Emir İslam’ın okuduğu basın açıklamasında; Gazze halkı ve direnişine değinilerek şöyle devam edildi. Acının tarifinin de eşiğinin de hükmünün kalmadığı Gazze, tek yatıştırıcının ayetler olduğu bir zaman diliminden geçiyor ve sabrediyorlar. Gazze, bir okul ve tüm yeryüzü sıralara oturdu, verilen dersi izliyor. Direniş nasıl olur? Paylaşma, dayanışma, sabır, tevekkül, sevgi, bağlılık, azim, kararlılık nasıl olur? Tek tek şahitliklerle gösteriyorlar bize…
Dünyanın her yanından 7 Ekim’den beri ortaya konulan protestolar, soykırım ve Siyonizm karşıtı sesler mevcut dünya düzenine dair bütün algıları, duyguları ve tutumları etkiledi. Adalet, insan hakları ve özgürlük gibi kavramların ne kadar içlerinin boş olduğunu gösterdi. Felsefi ve akademik tartışmaların ve okumaların bir anlamı kalmadı.
Yaşanan bu süreç “Eşkıya dünyaya hükümdar olmaz” ümidi yerine eşkıyanın zaten dünyaya hep hâkim olduğu gerçekçiliği ile karşı karşıya olduğumuzu gösterdi.
Filistin davasına sahip çıkanlara Arap sevici diye itham eden ırkçı tayfanın varlığına atıfta bulunularak, Arap düşmanlığı üzerinden kaos çıkartmaya çalışan ırkçılar, Hamas’ı terörist olarak niteleyenler, şimdi Siyonist katilleri aklamak için çırpınıyorlar!

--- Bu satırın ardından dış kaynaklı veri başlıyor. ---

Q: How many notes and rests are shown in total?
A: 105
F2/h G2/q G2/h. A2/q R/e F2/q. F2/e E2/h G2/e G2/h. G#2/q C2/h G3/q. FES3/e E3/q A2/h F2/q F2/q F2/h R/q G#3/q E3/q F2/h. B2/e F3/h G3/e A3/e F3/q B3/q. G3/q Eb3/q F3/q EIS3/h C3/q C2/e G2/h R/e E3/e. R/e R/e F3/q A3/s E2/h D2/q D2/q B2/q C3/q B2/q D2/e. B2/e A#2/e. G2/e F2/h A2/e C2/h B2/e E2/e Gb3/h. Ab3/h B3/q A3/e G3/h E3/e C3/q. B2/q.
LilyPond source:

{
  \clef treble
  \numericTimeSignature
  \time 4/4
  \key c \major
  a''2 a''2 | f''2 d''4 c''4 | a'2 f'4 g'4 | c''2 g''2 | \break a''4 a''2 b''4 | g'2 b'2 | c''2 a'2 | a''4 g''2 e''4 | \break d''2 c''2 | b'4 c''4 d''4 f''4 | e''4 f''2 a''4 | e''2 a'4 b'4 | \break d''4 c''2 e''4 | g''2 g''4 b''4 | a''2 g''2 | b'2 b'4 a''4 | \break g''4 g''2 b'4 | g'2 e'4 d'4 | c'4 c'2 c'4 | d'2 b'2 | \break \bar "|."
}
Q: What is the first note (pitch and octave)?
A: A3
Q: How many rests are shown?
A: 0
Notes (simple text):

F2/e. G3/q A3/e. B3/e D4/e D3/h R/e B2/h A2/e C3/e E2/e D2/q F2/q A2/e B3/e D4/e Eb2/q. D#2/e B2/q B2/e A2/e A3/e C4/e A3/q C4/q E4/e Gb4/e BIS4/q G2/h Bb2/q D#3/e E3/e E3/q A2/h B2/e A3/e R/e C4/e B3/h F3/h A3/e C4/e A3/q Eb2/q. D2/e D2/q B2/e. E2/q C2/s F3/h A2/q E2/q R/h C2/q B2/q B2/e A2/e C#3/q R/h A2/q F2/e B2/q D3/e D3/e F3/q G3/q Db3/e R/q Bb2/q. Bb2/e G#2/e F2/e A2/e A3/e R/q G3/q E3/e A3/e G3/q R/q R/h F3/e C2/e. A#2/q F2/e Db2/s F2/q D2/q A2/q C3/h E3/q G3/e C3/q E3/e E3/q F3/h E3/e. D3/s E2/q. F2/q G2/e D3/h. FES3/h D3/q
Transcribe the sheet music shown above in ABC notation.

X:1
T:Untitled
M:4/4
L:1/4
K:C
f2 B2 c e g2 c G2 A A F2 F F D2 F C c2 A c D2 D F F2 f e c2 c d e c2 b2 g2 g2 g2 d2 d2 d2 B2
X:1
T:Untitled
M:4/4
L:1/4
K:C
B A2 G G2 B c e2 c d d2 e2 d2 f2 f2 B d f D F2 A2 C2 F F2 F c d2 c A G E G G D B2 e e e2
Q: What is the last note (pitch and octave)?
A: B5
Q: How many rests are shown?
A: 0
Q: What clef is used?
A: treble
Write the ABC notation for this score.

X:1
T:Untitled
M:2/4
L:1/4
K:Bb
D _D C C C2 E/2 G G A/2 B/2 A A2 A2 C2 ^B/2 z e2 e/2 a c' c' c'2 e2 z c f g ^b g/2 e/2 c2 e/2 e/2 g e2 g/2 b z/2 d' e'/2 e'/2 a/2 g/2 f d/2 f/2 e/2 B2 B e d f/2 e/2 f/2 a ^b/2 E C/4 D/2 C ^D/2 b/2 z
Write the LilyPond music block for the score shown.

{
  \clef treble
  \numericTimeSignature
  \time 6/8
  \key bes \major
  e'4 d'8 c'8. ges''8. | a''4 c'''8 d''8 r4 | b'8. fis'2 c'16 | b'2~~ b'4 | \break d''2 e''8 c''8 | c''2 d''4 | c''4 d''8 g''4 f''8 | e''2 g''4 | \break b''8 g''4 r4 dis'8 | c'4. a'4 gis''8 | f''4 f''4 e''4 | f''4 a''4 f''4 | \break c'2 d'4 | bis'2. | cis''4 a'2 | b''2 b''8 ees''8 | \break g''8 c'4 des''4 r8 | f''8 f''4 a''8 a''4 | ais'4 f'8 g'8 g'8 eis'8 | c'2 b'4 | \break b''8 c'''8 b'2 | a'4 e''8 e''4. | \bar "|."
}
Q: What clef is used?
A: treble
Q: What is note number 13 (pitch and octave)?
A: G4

Meğer Suriyelilere, mültecilere, Araplara düşmanlıkları İsrail aşkındanmış. Tesadüf değil, Kürt ve Türk ırkçıları İsrail seviciliğinde ve Hamas karşıtlığında birleşmiş durumda. Saflar da böylece netleşmiş oldu.
Bir kez daha hatırlatmak isteriz ki, Gazze neyse İdlip’de odur, İstanbul neyse Urumçi’de odur.
Doğu Türkistan’da kardeşlerimiz sadece Türk oldukları için değil, Müslüman oldukları için soykırıma uğruyorlar.
ABD ve Batı destekli İsrail ile Refah sınırı açamayıp, İhvan mensuplarını idam ile cezalandıran diktatör Sisi’de, kendi haklına acımasızca katleden Esed rejimi ve destekçileri de, Doğu Türkistan’lı kardeşlerimize zulüm eden Çin’de bizim için aynıdır.
Basın açıklaması ardından Ömer Bayram tarafından yapılan duanın ardından eylem sona erdi…
Özgür-Der Çorum Şb.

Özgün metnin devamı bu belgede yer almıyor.